Forsgren Edvin, Björkblom Benny, Trygg Johan, Jonsson Pär
Computational Life Science Cluster (CLiC), Department of Chemistry, Umeå University, SE-901 87 Umeå, Sweden.
Department of Chemistry, Umeå University, SE-901 87 Umeå, Sweden.
J Chem Inf Model. 2025 Feb 24;65(4):1762-1770. doi: 10.1021/acs.jcim.4c01799. Epub 2025 Feb 3.
Multiclass data sets and large-scale studies are increasingly common in omics sciences, drug discovery, and clinical research due to advancements in analytical platforms. Efficiently handling these data sets and discerning subtle differences across multiple classes remains a significant challenge. In metabolomics, two-class orthogonal projection to latent structures discriminant analysis (OPLS-DA) models are widely used due to their strong discrimination capabilities and ability to provide interpretable information on class differences. However, these models face challenges in multiclass settings. A common solution is to transform the multiclass comparison into multiple two-class comparisons, which, while more effective than a global multiclass OPLS-DA model, unfortunately results in a manual, time-consuming model-building process with complicated interpretation. Here, we introduce an extension of OPLS-DA for data-driven multiclass classification: orthogonal partial least squares-hierarchical discriminant analysis (OPLS-HDA). OPLS-HDA integrates hierarchical cluster analysis (HCA) with the OPLS-DA framework to create a decision tree, addressing multiclass classification challenges and providing intuitive visualization of interclass relationships. To avoid overfitting and ensure reliable predictions, we use cross-validation during model building. Benchmark results show that OPLS-HDA performs competitively across diverse data sets compared to eight established methods. This method represents a significant advancement, offering a powerful tool to dissect complex multiclass data sets. With its versatility, interpretability, and ease of use, OPLS-HDA is an efficient approach to multiclass data analysis applicable across various fields.

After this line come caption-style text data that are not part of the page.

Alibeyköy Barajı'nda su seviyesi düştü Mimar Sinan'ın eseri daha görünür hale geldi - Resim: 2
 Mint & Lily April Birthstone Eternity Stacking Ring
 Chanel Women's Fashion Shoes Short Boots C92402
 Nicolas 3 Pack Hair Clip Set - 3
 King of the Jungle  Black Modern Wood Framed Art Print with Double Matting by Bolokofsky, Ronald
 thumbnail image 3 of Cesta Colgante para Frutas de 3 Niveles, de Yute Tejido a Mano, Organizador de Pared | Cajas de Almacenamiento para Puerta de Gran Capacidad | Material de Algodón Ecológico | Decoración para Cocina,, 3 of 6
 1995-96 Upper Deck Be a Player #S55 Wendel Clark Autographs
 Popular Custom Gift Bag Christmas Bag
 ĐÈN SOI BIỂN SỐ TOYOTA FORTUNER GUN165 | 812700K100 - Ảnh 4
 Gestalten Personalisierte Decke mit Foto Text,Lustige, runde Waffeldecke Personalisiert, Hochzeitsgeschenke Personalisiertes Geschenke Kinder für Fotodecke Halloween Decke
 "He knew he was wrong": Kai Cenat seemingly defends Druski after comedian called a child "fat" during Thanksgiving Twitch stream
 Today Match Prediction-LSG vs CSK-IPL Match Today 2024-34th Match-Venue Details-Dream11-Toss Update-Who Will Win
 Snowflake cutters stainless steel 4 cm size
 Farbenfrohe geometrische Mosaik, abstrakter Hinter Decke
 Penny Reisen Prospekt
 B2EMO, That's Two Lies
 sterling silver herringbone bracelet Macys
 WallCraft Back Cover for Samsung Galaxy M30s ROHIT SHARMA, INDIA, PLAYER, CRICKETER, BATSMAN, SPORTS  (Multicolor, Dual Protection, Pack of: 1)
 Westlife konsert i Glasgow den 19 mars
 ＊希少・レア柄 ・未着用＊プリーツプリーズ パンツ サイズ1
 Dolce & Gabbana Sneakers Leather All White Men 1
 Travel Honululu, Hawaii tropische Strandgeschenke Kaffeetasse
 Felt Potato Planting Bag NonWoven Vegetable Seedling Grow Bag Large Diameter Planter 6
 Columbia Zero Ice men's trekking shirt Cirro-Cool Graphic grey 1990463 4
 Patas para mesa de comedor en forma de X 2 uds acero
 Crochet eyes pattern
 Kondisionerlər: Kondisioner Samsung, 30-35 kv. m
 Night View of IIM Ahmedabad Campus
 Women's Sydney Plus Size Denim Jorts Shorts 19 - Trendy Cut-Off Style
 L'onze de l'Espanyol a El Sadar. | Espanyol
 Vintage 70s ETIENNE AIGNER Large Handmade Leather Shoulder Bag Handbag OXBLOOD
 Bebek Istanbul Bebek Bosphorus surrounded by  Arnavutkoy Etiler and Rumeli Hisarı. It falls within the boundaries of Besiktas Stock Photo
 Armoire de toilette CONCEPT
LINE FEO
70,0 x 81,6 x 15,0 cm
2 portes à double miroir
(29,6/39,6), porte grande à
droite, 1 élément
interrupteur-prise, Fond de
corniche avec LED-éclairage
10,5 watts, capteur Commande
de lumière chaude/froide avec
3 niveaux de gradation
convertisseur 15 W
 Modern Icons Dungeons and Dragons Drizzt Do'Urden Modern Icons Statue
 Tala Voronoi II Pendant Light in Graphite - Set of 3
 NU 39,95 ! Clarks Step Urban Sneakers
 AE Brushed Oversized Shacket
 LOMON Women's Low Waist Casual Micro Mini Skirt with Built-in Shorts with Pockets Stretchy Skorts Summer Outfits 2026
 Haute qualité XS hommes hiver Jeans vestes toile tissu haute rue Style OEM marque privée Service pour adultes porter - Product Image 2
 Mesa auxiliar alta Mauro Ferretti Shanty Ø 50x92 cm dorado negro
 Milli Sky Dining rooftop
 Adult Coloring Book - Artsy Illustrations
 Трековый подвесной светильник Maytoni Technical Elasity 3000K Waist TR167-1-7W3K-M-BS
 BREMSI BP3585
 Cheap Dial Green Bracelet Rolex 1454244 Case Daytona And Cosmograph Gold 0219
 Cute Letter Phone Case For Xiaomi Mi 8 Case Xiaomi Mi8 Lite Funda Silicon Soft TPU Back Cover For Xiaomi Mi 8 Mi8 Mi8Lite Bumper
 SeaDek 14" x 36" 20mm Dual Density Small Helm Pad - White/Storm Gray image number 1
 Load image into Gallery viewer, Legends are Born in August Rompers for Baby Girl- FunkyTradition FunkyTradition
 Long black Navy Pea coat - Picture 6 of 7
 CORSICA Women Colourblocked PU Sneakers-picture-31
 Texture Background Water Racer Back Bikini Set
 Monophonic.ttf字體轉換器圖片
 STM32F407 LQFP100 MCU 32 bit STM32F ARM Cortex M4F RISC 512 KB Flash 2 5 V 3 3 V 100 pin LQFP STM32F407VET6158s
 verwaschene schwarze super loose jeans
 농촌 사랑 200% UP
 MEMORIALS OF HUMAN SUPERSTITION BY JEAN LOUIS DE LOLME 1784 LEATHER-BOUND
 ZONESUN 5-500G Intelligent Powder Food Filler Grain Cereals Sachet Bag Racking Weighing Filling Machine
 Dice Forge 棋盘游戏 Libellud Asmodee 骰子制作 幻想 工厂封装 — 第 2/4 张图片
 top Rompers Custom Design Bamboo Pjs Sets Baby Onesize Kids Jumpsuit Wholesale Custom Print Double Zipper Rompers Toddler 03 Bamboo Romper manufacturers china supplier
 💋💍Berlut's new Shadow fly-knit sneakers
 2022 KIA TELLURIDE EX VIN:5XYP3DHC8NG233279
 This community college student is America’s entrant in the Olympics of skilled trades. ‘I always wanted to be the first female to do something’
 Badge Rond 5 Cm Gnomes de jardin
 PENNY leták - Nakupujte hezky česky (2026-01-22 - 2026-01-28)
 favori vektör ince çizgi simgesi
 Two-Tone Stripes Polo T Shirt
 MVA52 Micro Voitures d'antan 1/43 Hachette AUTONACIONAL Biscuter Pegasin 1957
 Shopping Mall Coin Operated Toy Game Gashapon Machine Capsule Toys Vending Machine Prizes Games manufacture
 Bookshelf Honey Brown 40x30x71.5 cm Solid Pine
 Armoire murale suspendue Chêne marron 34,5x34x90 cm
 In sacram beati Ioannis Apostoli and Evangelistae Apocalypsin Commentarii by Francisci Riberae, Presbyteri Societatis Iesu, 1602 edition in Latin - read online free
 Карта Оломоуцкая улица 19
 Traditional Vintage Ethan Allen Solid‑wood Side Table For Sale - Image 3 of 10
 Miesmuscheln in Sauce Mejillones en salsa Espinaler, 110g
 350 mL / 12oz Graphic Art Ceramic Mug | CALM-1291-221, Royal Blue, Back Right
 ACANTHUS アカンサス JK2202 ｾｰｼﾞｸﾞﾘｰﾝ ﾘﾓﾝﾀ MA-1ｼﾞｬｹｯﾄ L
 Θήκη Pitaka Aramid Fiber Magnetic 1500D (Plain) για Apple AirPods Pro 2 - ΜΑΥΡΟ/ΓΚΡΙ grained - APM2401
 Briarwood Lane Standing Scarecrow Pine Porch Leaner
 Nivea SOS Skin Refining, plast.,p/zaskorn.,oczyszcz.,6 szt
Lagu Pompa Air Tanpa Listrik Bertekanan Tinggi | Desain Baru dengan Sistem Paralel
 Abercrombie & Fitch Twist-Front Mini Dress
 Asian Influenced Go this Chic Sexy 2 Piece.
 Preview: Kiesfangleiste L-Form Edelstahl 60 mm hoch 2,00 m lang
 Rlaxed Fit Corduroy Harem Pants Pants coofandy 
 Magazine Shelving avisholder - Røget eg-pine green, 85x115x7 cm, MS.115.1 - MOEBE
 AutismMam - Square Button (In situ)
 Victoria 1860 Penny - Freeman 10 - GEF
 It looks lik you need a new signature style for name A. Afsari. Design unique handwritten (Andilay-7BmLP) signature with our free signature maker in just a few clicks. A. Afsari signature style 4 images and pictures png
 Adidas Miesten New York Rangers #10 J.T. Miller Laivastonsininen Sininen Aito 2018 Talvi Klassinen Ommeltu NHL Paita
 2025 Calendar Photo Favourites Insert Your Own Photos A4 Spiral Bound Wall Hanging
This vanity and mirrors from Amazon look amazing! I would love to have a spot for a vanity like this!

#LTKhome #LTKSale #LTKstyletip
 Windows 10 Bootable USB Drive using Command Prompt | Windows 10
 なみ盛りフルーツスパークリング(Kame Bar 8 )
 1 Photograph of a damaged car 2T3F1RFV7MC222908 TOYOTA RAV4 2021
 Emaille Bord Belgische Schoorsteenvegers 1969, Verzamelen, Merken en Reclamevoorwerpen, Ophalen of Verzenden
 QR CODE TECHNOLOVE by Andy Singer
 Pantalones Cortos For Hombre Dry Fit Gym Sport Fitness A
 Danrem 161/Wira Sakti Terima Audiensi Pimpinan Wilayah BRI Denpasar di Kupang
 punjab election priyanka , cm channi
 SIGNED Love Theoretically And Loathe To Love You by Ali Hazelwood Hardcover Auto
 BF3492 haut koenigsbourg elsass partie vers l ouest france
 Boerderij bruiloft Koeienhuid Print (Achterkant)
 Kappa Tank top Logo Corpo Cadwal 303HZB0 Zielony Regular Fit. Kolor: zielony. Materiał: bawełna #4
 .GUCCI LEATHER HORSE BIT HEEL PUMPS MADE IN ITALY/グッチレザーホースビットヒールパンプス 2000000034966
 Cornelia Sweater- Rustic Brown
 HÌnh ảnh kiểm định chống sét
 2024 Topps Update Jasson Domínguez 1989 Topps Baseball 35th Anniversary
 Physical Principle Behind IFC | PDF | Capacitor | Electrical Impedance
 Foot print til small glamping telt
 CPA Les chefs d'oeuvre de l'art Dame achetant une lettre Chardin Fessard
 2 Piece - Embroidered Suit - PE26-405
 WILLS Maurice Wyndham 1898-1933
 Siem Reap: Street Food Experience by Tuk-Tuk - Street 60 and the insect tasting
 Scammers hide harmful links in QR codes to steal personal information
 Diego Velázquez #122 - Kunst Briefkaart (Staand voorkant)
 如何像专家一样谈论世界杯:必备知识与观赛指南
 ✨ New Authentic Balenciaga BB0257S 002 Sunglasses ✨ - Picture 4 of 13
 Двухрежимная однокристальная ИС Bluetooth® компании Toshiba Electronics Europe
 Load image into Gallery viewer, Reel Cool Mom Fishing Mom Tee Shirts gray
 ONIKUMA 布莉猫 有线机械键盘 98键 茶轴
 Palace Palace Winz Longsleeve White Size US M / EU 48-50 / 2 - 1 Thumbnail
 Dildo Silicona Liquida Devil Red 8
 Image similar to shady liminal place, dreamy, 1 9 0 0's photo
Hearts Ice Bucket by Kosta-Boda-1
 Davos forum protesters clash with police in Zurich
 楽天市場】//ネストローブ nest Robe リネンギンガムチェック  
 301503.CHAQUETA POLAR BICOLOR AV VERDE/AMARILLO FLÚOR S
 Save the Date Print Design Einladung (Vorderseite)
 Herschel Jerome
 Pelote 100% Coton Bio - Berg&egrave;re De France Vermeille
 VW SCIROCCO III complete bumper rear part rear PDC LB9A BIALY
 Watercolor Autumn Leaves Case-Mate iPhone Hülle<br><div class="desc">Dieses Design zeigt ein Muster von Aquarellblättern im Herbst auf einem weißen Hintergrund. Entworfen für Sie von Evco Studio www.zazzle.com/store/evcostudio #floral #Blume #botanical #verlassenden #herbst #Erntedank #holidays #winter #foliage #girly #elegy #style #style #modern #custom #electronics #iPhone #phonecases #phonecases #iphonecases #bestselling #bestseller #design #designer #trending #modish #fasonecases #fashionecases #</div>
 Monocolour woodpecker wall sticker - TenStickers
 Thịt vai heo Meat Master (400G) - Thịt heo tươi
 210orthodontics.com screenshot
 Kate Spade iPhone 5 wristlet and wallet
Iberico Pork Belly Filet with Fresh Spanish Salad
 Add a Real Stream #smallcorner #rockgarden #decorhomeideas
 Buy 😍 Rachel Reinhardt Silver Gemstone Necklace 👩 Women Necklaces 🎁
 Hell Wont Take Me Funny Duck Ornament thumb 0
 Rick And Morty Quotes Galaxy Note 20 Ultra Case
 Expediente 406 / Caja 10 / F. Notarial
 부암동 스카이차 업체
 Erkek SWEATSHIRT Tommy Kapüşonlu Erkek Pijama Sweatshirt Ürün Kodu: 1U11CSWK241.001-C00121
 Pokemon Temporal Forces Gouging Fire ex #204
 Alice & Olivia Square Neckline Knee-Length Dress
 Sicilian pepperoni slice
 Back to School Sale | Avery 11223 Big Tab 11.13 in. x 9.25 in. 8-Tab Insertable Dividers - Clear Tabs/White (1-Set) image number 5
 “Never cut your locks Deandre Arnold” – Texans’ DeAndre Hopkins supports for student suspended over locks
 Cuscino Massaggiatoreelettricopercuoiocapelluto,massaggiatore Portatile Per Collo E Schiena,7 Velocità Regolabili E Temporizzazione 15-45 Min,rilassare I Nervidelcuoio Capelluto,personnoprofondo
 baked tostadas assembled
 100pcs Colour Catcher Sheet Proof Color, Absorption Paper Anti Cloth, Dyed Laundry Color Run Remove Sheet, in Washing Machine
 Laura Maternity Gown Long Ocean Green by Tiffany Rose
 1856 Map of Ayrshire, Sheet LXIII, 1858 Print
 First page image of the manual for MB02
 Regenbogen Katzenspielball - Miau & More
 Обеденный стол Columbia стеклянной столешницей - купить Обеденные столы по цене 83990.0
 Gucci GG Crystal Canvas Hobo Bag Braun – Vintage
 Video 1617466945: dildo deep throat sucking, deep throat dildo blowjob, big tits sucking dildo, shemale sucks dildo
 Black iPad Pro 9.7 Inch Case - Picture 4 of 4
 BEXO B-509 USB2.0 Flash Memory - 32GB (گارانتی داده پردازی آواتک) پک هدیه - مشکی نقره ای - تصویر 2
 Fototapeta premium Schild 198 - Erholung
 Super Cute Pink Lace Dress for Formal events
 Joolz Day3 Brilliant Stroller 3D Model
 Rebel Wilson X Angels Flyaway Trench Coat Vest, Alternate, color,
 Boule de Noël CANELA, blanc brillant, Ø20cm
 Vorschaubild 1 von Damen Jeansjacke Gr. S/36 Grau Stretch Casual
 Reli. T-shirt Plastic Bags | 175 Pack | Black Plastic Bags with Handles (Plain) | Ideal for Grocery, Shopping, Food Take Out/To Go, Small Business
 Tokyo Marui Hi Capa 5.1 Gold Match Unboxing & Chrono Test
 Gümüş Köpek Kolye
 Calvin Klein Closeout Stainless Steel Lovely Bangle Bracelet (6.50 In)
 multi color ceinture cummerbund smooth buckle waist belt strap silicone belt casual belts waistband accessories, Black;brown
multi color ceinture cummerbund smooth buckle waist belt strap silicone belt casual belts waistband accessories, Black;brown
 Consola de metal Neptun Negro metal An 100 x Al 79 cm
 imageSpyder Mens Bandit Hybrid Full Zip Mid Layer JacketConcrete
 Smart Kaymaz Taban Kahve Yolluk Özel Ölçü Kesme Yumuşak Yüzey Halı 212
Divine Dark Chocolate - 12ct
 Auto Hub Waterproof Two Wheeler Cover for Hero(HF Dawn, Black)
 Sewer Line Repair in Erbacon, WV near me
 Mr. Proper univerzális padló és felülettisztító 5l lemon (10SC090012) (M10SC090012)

由于分析平台的进步,多类数据集和大规模研究在组学科学、药物发现和临床研究中越来越普遍。有效处理这些数据集并辨别多个类别之间的细微差异仍然是一项重大挑战。在代谢组学中,两类正交投影到潜在结构判别分析(OPLS-DA)模型因其强大的判别能力和提供关于类别差异的可解释信息的能力而被广泛使用。然而,这些模型在多类设置中面临挑战。一种常见的解决方案是将多类比较转换为多个两类比较,虽然这比全局多类OPLS-DA模型更有效,但不幸的是,这会导致一个手动、耗时的模型构建过程,且解释复杂。在这里,我们介绍一种用于数据驱动的多类分类的OPLS-DA扩展:正交偏最小二乘-层次判别分析(OPLS-HDA)。OPLS-HDA将层次聚类分析(HCA)与OPLS-DA框架集成以创建决策树,解决多类分类挑战并提供类间关系的直观可视化。为避免过拟合并确保可靠的预测,我们在模型构建过程中使用交叉验证。基准测试结果表明,与八种已确立的方法相比,OPLS-HDA在各种数据集上的表现具有竞争力。这种方法代表了一项重大进展,提供了一个剖析复杂多类数据集的强大工具。凭借其通用性、可解释性和易用性,OPLS-HDA是一种适用于各个领域的多类数据分析的有效方法。